Изюм из булки. Том 1 | страница 75



Я прибавил к двадцати двум шестьдесят и ответил:

— В восемьдесят втором году. В декабре.

— Какого числа? — уточнила дама.

— Образован Союз? Двадцать второго.

— Я спрашивала про доклад.

— Не знаю. — Я мог предположить, что и доклад случился двадцать второго, но не хотел гадать. Мне казалось, что это непринципиально.

— В декабре, — сказал я.

— Числа не знаете, — зафиксировала дама и скорбно переглянулась с другими головами.

И вдруг, в долю секунды, я понял, что не поступлю в аспирантуру!

В течение следующих двадцати минут я не смог ответить на простейшие вопросы. Самым простым из них была просьба назвать точную дату подписания Парижского договора о прекращении войны во Вьетнаме. Если бы я вспомнил дату, меня бы попросили перечислить погибших вьетнамцев поименно.

Шансов не было.

Как некогда говорил нам, студийцам, Костя Райкин: «Что такое страшный сон артиста? Это когда тебя не надо, а ты есть».

Я понял, что меня — не надо, получил свои два балла и пошел прочь.

Статус

Я ехал после того экзамена домой, стараясь не смотреть в отражение в темном стекле вагона. Из стекла на меня смотрел неудачник. Окончательный лузер, полное социальное ничтожество, полунищий графоман…

Сегодня я вспоминаю об этом с печалью совершенно иного рода.

О господи, — ну зачем, зачем была мне та аспирантура? Ведь я же видел, что близко не подхожу к высотам, на которых ведут восхождение мои учителя по театральной профессии — Дрознин, Карпов, Морозова?

Видел.

Я же понимал, что мое место — за письменным столом? Понимал.

Но батюшка «совок» еще крепко сидел во мне и требовал статуса. Аспирант, кандидат, доктор наук, место в президиуме, венок от месткома… Чтобы все, как у людей!

Через год, запасшись разнарядкой , я, сам не знаю зачем, поступил в эту чертову аспирантуру, чтобы бросить ее перед самой защитой.

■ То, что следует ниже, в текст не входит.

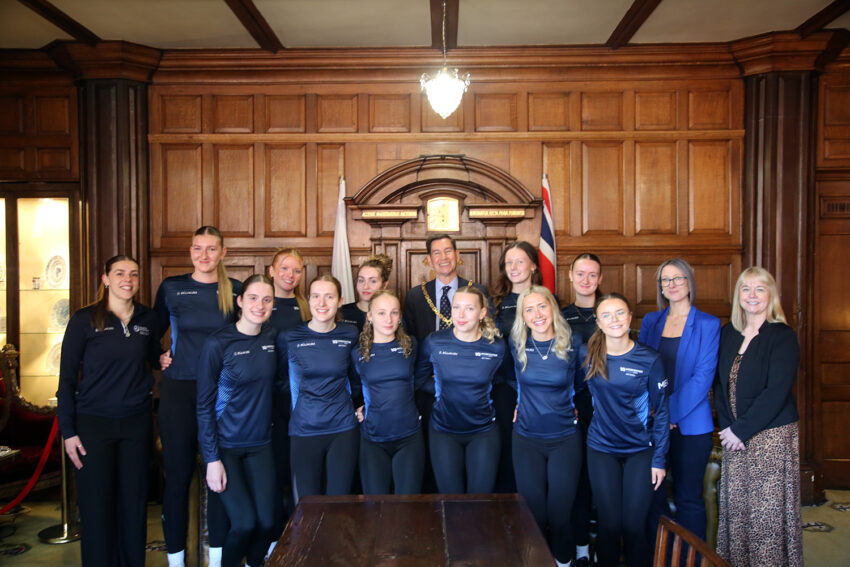 The Mayor standing with a group of women, all of whom are in University of Worcester-branded sportswear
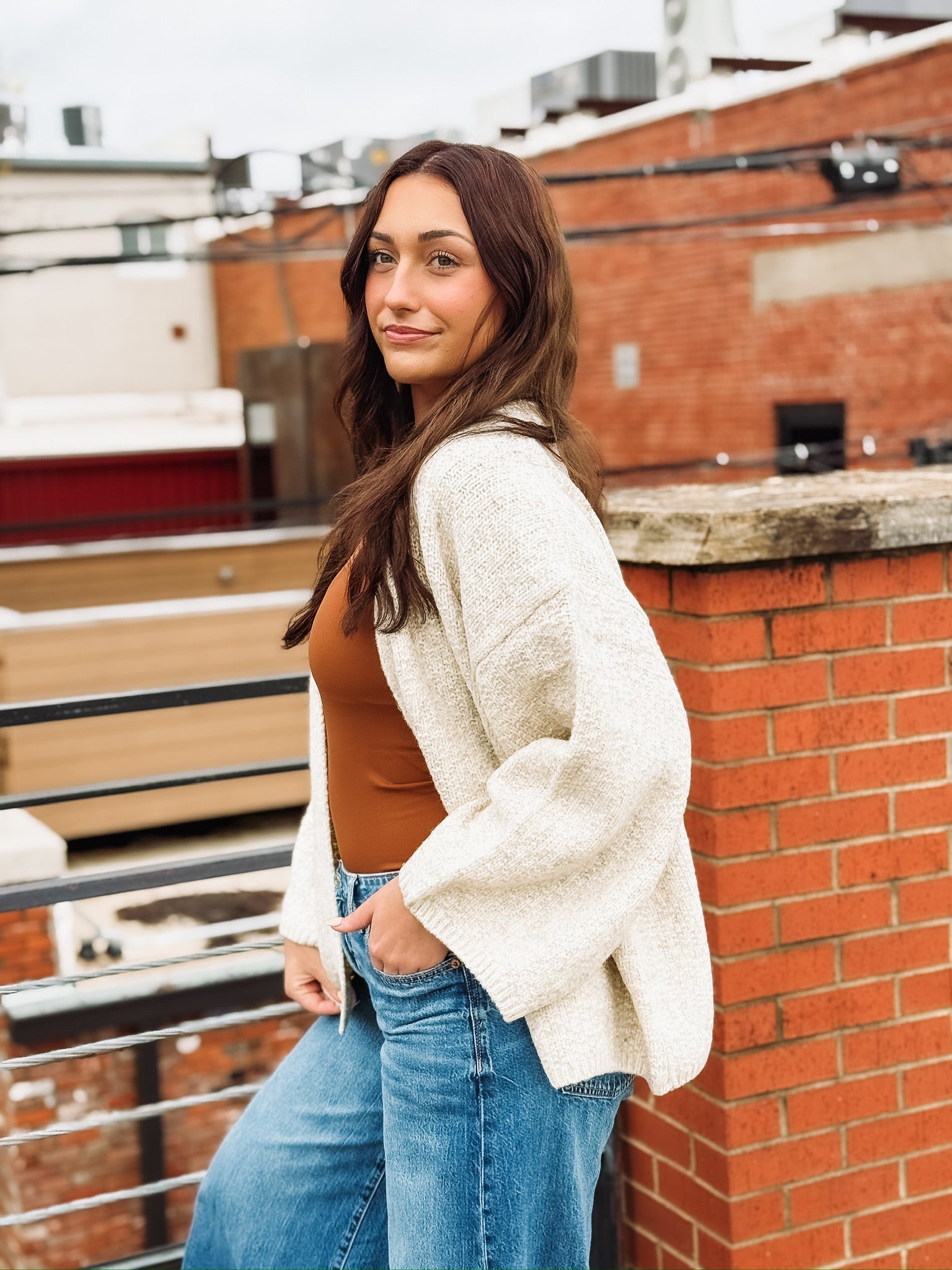 Soft, bubble-cut open-front cardigan with relaxed billowy sleeves and a cozy, refined texture.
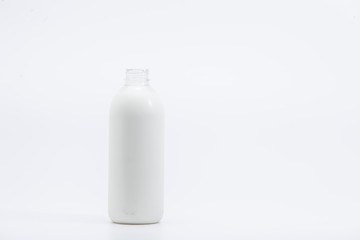 Milk bottle isolated on white background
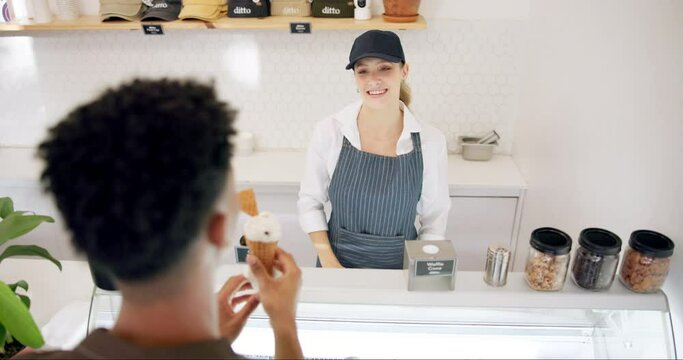 Customer, ice cream and shop seller with dessert or frozen food with happy cashier at counter. Woman, man and giving gelato cone, sweets and dairy sugar for service of employee with smile at store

Я писал каждый день, я жил пишмашинкой «Эрика» и своими листочками на скрепочках, я был все свободнее и веселее в этом волшебном занятии и всем организмом чувствовал, что хочу заниматься только этим, — но еще несколько лет по инерции продолжал поливать потом полы гитисовского тира и гимнастического зала в Щукинском училище…

Сила воображения

Нас, ассистентов-стажеров, было в Щукинском училище четверо. Однажды, придя в назначенный день к окошечку кассы, мы, вместо ассигнаций, получили вежливое сообщение о том, что денег нет.

— Как нет?

А так — нет, и все! Перед нами закончились.

Год на дворе стоял восемьдесят восьмой, советская машина на ходу отбрасывала колеса, и взятки были гладки.